Supplied records below:

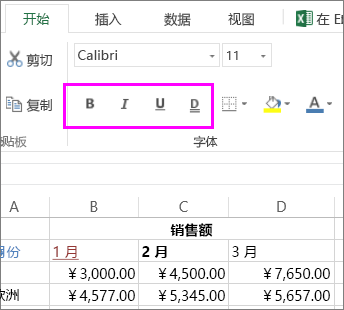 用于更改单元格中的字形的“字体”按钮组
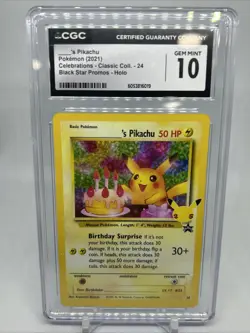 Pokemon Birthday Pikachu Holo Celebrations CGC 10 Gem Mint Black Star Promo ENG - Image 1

End of Supplied records.
Supplied records below:

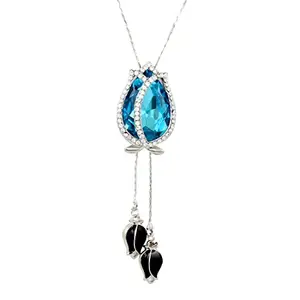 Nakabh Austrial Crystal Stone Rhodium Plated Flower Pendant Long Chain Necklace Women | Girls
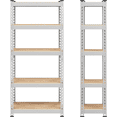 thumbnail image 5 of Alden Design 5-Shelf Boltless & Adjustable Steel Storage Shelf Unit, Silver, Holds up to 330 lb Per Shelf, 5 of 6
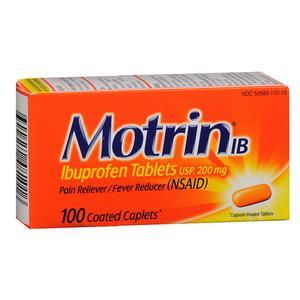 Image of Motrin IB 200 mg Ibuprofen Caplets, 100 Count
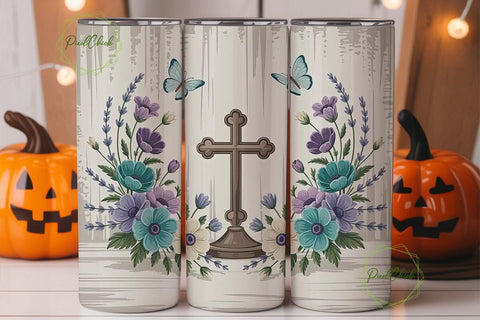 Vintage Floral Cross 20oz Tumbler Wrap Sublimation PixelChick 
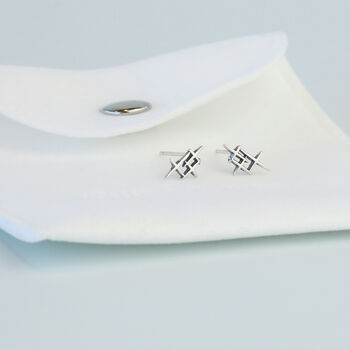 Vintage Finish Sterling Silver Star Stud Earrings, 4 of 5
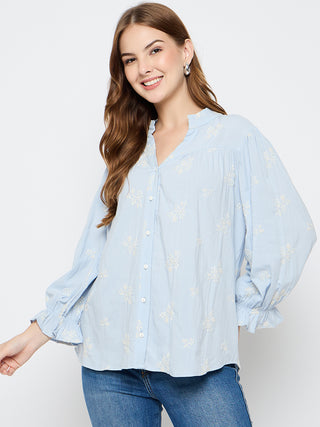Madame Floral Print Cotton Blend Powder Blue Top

End of Supplied records.

• **What needs to be done**: All that is wanted is the lines above between the one containing "thumbnail image 5" and the one containing "Madame Floral Print", inclusive, restated word for word, with pictures omitted.

• **Reply**:
 thumbnail image 5 of Alden Design 5-Shelf Boltless & Adjustable Steel Storage Shelf Unit, Silver, Holds up to 330 lb Per Shelf, 5 of 6
 Image of Motrin IB 200 mg Ibuprofen Caplets, 100 Count
 Vintage Floral Cross 20oz Tumbler Wrap Sublimation PixelChick 
 Vintage Finish Sterling Silver Star Stud Earrings, 4 of 5
Madame Floral Print Cotton Blend Powder Blue Top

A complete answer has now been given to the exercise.